The riding habit, was first introduced in the 17th century. They were tailored by men in the manner of men’s dress: a fitted jacket worn over a long skirt, often worn with a masculine hat. Samuel Pepys, ever helpful with observations of his time, wrote in 1666 of seeing the Queen’s ladies of honor “dressed in their riding garbs, with coats and doublets and deep skirts, just for all the world like men, and buttoned their doublets up to the breast, with periwigs and with hats; so that, only for a long petticoat dragging under the men’s coats, nobody could take them for women in any point whatever — which was an odd sight, and a sight which did not please me.” – Candice Hern
In the 18th and through most of the 19th centuries, women’s riding habits were generally made by tailors and constructed like men’s wear. They were usually buttoned left over right, like a man’s coat. Other women’s fashions were made by dress makers and mantua makers. Masculine touches onwomen’s riding habits included mariner’s cuffs and fabrics and trims as seen on naval uniforms. These riding habits were functional, but in the late 1700s they became fashionable dress as well, and were worn for informal day wear for traveling, visiting, or walking.
The materials worn for riding from the mid-seventeenth to the early twentieth centuries were easily distinguished from the silks, muslins, and velvets of fashionable evening dress. Equestrian activities required sturdy and often weatherproof fabrics such as woolen broadcloth, camlet (a silk and wool or hair mixture), melton wool, and gabardine for colder weather and linen or cotton twill for summer or the tropics. In the eighteenth and early nineteenth centuries, habits were frequently adorned with gold, silver, or later woolen braiding, often imitating the frog-ging on Hussar or other military uniforms. – Equestrian costume
The appearance of a lady on horseback in a fashionable London riding-habit, and tricked out in the newest guise with patches, is amusingly described by Steele. The lady is supposed to be riding through the town of Kettering in Northamptonshire, in the month of July, 1724. ” Yesterday astrange and surprising creature was seen to pass through our town on horseback. It had the face of a young woman, stuck full of patches ; a perriwig which hung down to its waist; a hat cock’d with the smartness of a young officer; a huge bunch of ribbons fastened behind its left shoulder; a shirt laid in large pleights on the breasts and tied close at the neck and wrists, which, with a vest of white satteen, trimmed with black, had much the resemblance of a shroud.
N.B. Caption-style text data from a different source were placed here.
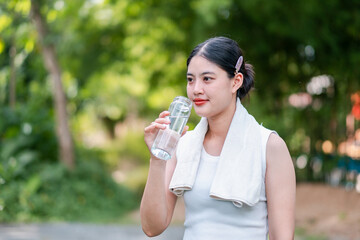 A young woman in a white tank top drinks water from a bottle while enjoying a refreshing moment in...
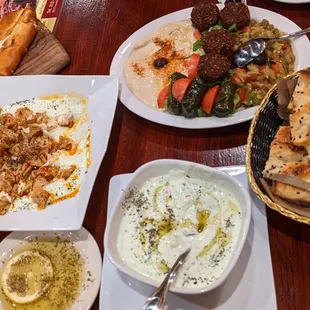 From top right, Sampler (with falafel, hummus, dolmas, and eggplant salad), bread, Jajik, lemon oil, Manti, and Kiymali Pide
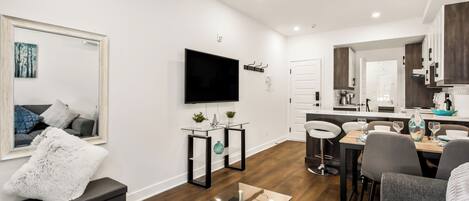 A modern living room with a flat-screen TV, a glass coffee table, and a dining area with a wooden table and chairs.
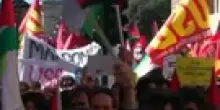 "Sciopero Generale a Roma: Manifestanti in Piazza con Bandiere Palestinesi e Slogan Contro i Governi"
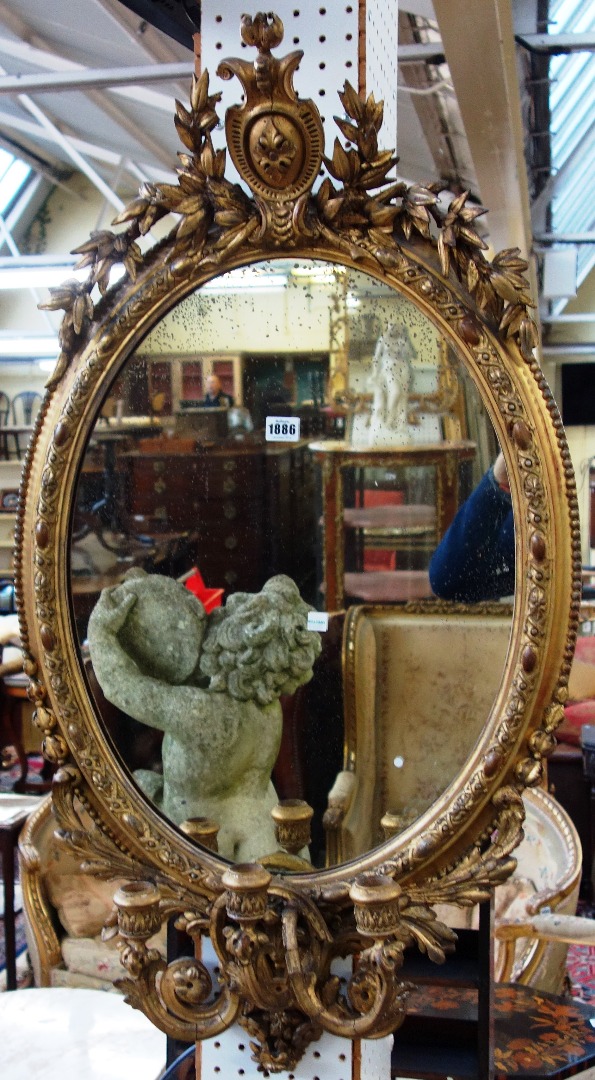 Appraisal: A th century gilt framed oval mirror with floral chased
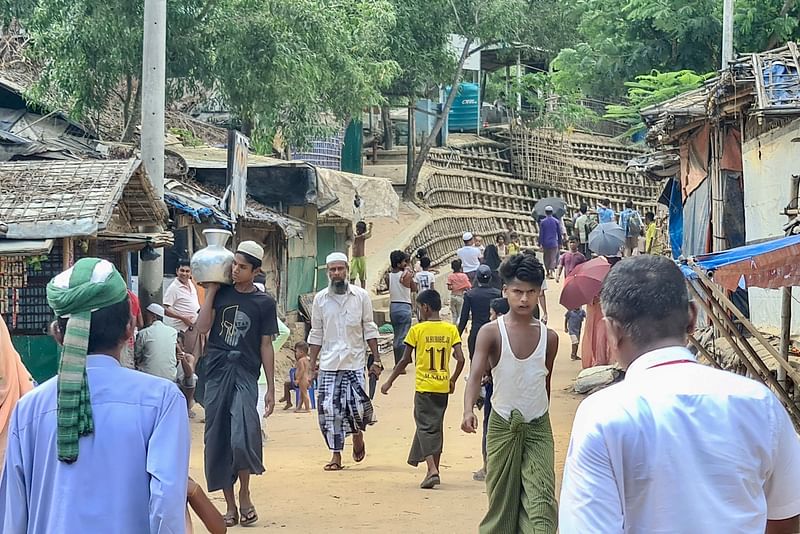 This photo taken on 24 May 2024 shows Rohingya refugees walking down a path at a Rohingya refugee camp in Ukhia in Bangladesh's southeastern Cox's Bazar district.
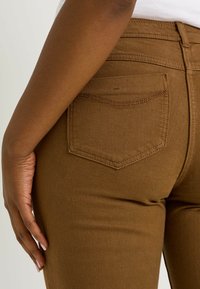 Jean en denim marron avec une coupe ajustée, doté d'une poche arrière classique et de coutures discrètes. Texture lisse et forme cintrée.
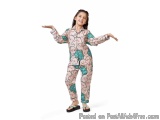The image shows a young girl standing with her arms stretched out to the sides. She is wearing a pink onesie with a colorful...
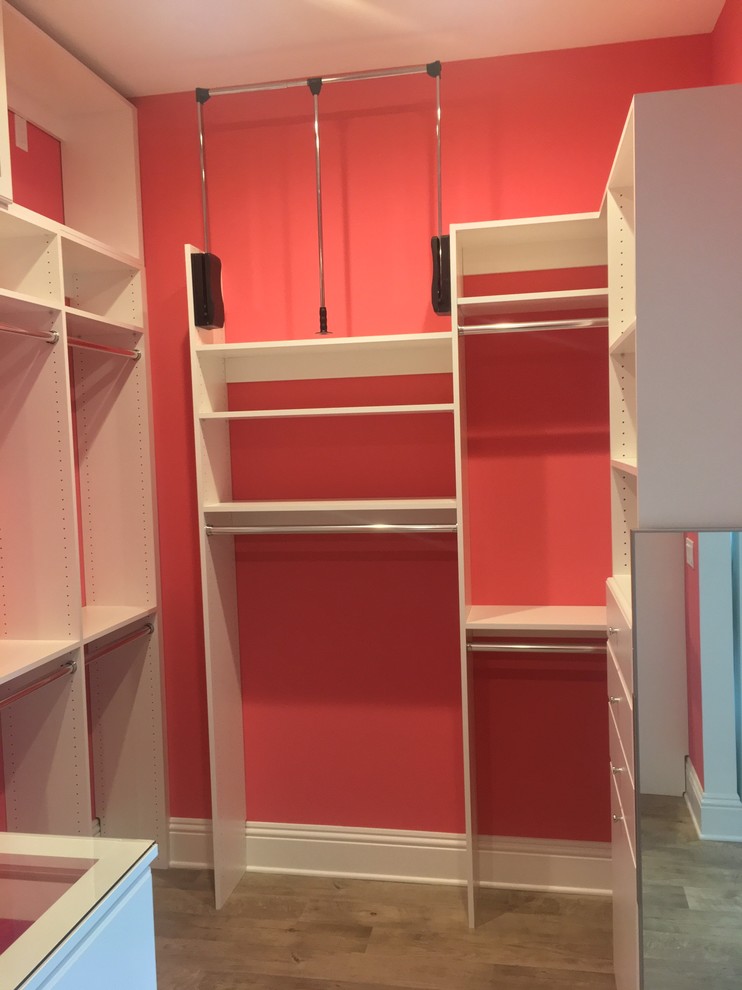 This is an example of a large modern women's walk-in wardrobe in Other with raised-panel cabinets, white cabinets, vinyl floors and brown floor.
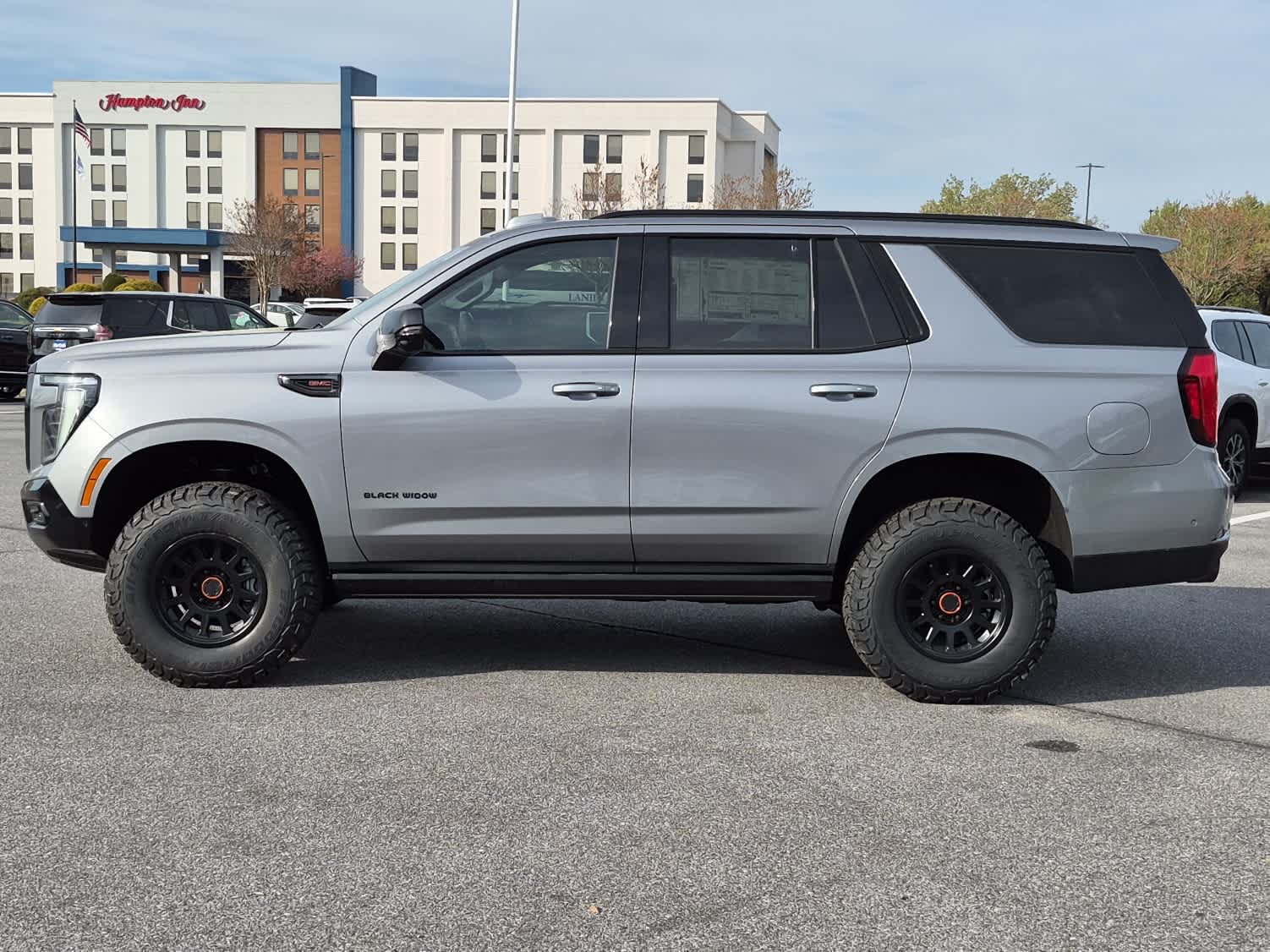 2026 GMC Yukon AT4 - Sterling Metallic exterior view 5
Our whole town was soon alarmed with this strange appearance, and various are still the opinions what it really was. The old people, who were the most couragious generally, went pretty near to it with their spectacles on to view it more distinctly; the younger sort kept it at an awful distance. Some were of opinion that it was a highwayman in disguise, and accordingly were for seizing it; others took it for a nun; but by a certain arch leer it had with its eyes I dare engage it had not a bit of nun’s flesh about it. However, by its pale complexion and shroud-like dress, most of my neighbours at last concluded it to be a ghost, and so took to their heels, and left me (who am no great believer in these things) almost alone with it in the road. I had now an opportunity, during the time it was drinking a glass of Rhenish wine and sugar at the Saracen’s Head Inn, to survey it well, and thereupon concluding it to be an Hermaphrodite, I enquired of the man who seemed to have the keeping of it, if he intended to show it in our town, and at what inn? For you must know, Sir, that I have a mighty curiosity to see one of those creatures all over. But the man with an angry countenance told me: That what I took for an Hermaphrodite was only a young lady, and that the sort of dress she was in was commonly worn for a riding-habit by the ladies of fashion at London. But as neither I nor my neighbours can believe it possible for folks upon no ill design to disguise themselves in such a manner… – A history of English dress from the Saxon period to the present day, Volume 2 (Google eBook)R. Bentley, 1893
Women’s riding outfits, known as ‘riding habits’, of the 18th century adapted elements of men’s dress. This jacket of the 1750s is styled after a man’s coat, although it has been modified with a waist seam to fit over stays and a wide petticoat. A narrow straight collar attached at the back neck and buttoning in front added protection on chilly rides. The fine tailoring and plain aspect of this jacket is typical of 18th century women’s riding habits. – Victoria & Albert Museum.